Exhausting the close races, and even a few small not-so-close states, still maxes out around 280. So we'll take this as the threshold for a mundane victory vs. an extraordinary victory. You could induce some humility and cognitive dissonance in the skeptic by allowing him to increase this threshold to 290 or 300, and thereby concede that many more of the Obama states will be close rather than out of reach for Trump.

Whatever it is, the pay-off should be proportional to the square of Electoral votes above this threshold. If the skeptic truly considers this impossible, wishful thinking, delusion, etc., then they should feel no anxiety in allowing for the accelerating pay-off for fundamental shift wins.

So then the structure of the bet looks like this:

Pay-off = a1 * [votes above 206, until 280] + a2 * [votes above 280]^2

To simplify the example, let's make each of the a1 and a2 constants equal to 1.

If Trump won 330 votes, he will have gotten 74 votes above Romney's 206, each paying out a dollar, for $74, as well as 50 votes above the threshold of 280, which when squared pays out $2,500. Total pay-off is $2,574 -- most of that due to the wins signaling a fundamental shift.

Suppose Trump's success racked up 380 votes -- that's the same 74 above Romney's, but now 100 votes above the threshold that get squared, for a total pay-off of $10,074.

Leaving the a1 and a2 constants equal to 1 means the skeptic would be willing to pay a max of around $100 if Trump ekes out a narrow victory. Although that sounds more like a friendly bet, this person could have to pay out $10,000 if they're seriously wrong about there being no fundamental shift afoot. If they truly believe that is pure fantasy, what is the downside to taking this bet?

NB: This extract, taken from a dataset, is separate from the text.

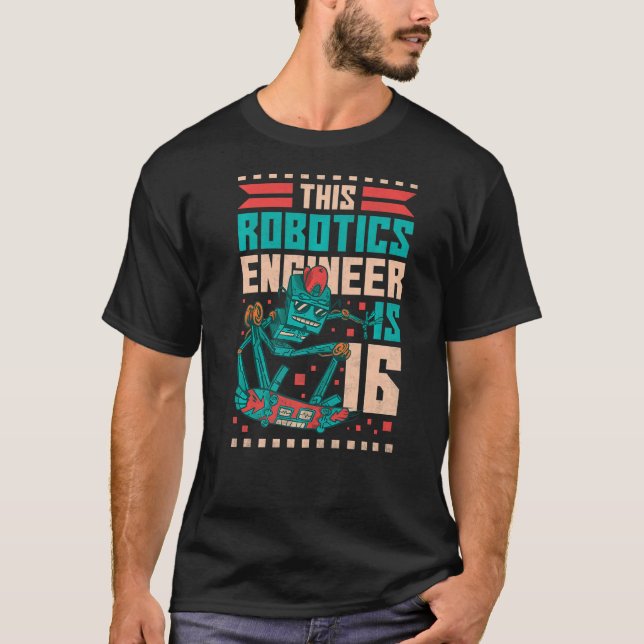 16:e födelsedagen: Robotics Ingenjör är 16 år T Shirt (Framsida)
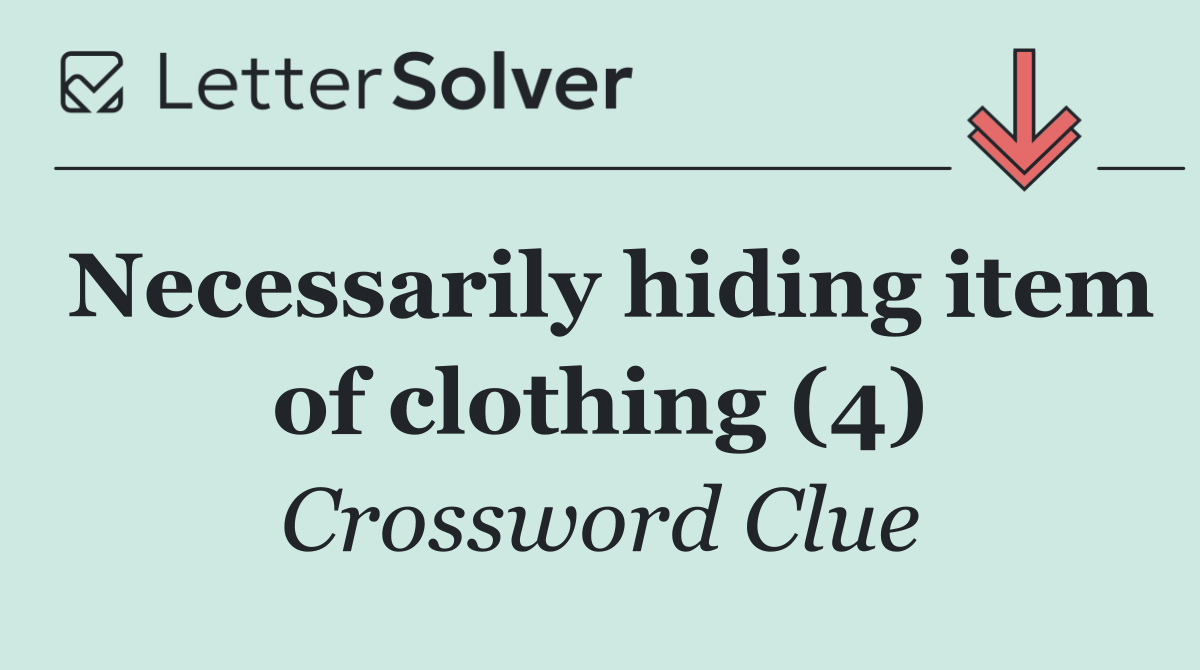 Necessarily hiding item of clothing (4)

Should the Trump supporter allow a symmetric condition if Trump loses in a landslide? Sure, why not? Crooked Hillary taking Texas, Georgia, Tennessee, Arizona, etc., is pure fantasy, so we would allow an accelerating pay-off if Trump got below a certain threshold -- say, McCain's pathetic showing, which today would yield 180 votes. Offer a linear increase for each vote below 206, until 180, then the square of the votes below 180.

This model clarifies thinking about the 2016 election itself, but you could structure a bet similarly to forecast the Electoral map staying basically the same vs. fundamentally re-drawn by 2020, 2024, etc. At the micro level, though, you'd probably want to make pay-off a function of the popular vote share in 2012, say for the Democrats. This models how difficult it would be to change a particular state's color, regardless of its population size and therefore Electoral vote count.

Red states becoming redder and blue states bluer would not pay off. But for each point in the reversing direction, there would be a linear increase for up to, say, 5 points. Beyond that, pay-off would be proportional to the square of points. California went 60% Democrat in 2012 -- if it only gets to 55%, the Trump supporter gets some multiple of $5, whereas if it returns to being red at 45% Democrat, the Trump supporter gets that multiple of $5, plus some multiple of $100.

And likewise for, say, Texas going back to blue, by a slim vs. a major margin.

Bets structured more along these lines tell us more about how the world works than do the simple "odds" estimates from prediction markets. Structured bets, with different pay-off functions for different scenarios, are more like the contracts for black-swan-prone industries like movies, pop music, and so on. All you have to do is look at the evolution of the Electoral map to see how volatile and black-swan-ish it has been over history.